When talking about ‘community’, engagement professionals can fall into the trap of thinking the community is represented by the squeaky wheels; the ‘usual suspects’ who turn out in large groups to have their say on an issue.

These squeaky wheels often get the grease as they are the most engaged members of the community, but they rarely represent the diversity of age groups, professions, education levels, socio-economic stratas, gender identities and religious and cultural groups that make up a community.

If you rely on results that are not representative of your community, you run the risk of making decisions that are not well supported by reliable data.

In a perfect world, most community engagement projects would gather highly representative data sets that can be drawn on to inform decisions. But the truth is, most community engagement does not yield even broadly representative, statistically significant results. This means caution should be applied when using the data in isolation to draw conclusions and inform decision-making, unless the representativeness can be demonstrated.

What is representative data?

When data is ‘representative’, it either represents the majority of people within the community, or it represents the diversity of opinions and socio-spatial characteristics of the community. Representative results can be assumed to reflect the views, priorities and values of various cross-sections of the community in sufficient quantities that you can have confidence in the accuracy of the results.

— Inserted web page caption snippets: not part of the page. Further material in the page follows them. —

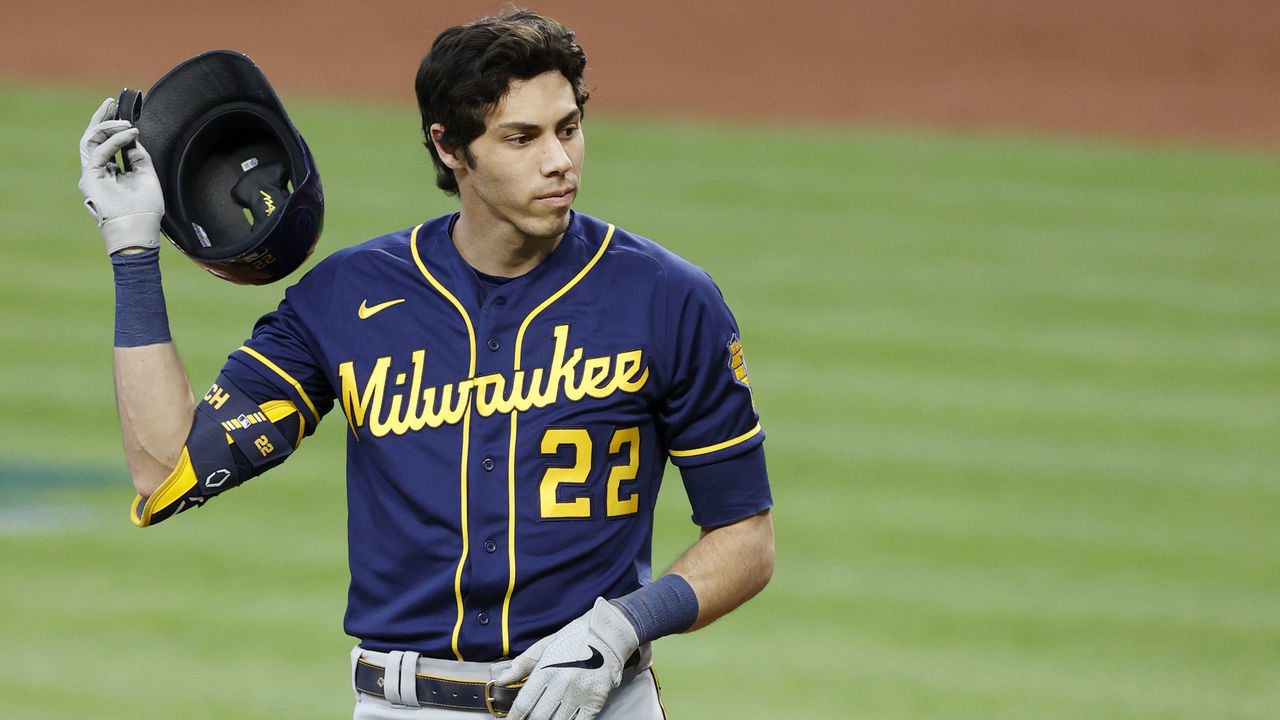 CINCINNATI, OH - SEPTEMBER 21: Christian Yelich #22 of the Milwaukee Brewers looks on during a game against the Cincinnati Reds at Great American Ball Park on September 21, 2020 in Cincinnati, Ohio. The Reds won 6-3.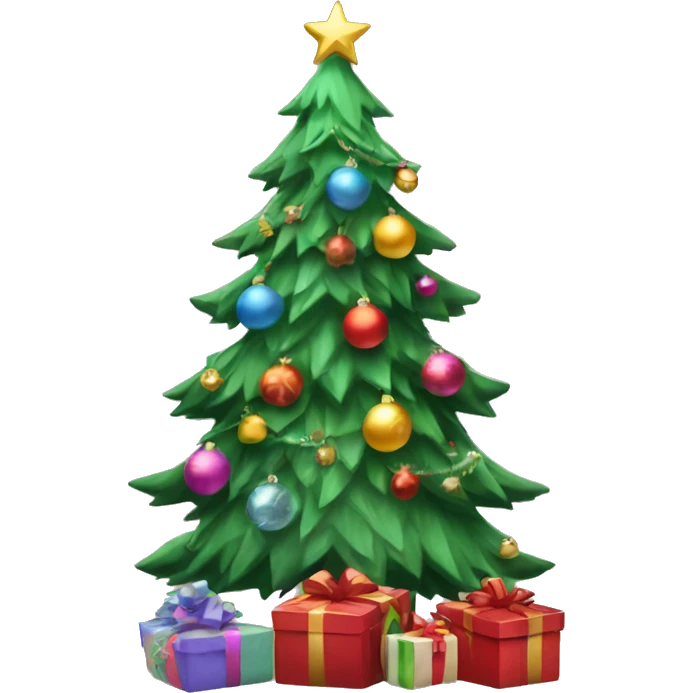 aesthetic christmas tree with presents emoji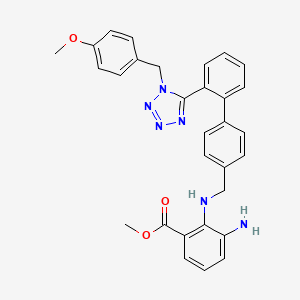 molecular formula C30H28N6O3 B8516476 methyl 3-amino-2-(((2'-(1-(4-methoxybenzyl)-1H-tetrazol-5-yl)-[1,1'-biphenyl]-4-yl)methyl)amino)benzoate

When data is unrepresentative it can overly represent a particular interest or group, and you cannot know what the majority of people within your community think. If you are using your community engagement process to inform good decision-making, you need to have confidence that your data accurately represents your community and that certain voices and points of view are not disproportionately amplified or disadvantaged.

The simplest way to check whether your data is representative is to use simple statistical tests to assess your sample size. This can ensure you can have confidence that your results are representative.

Testing for representation

There are a number of ways to check how representative your data is. Here’s a basic example of using a simple statistical test:

John works at a council where the population is 100,000. Using a sample size calculator, he knows he needs at least 383 respondents to be confident his results achieve statistical significance (with a 95% confidence level and a 5% margin of error).

He gets 400 responses, which means that his results are statistically significant. This means that even if John got more than 400 responses, it is highly likely his results will not greatly differ from the original.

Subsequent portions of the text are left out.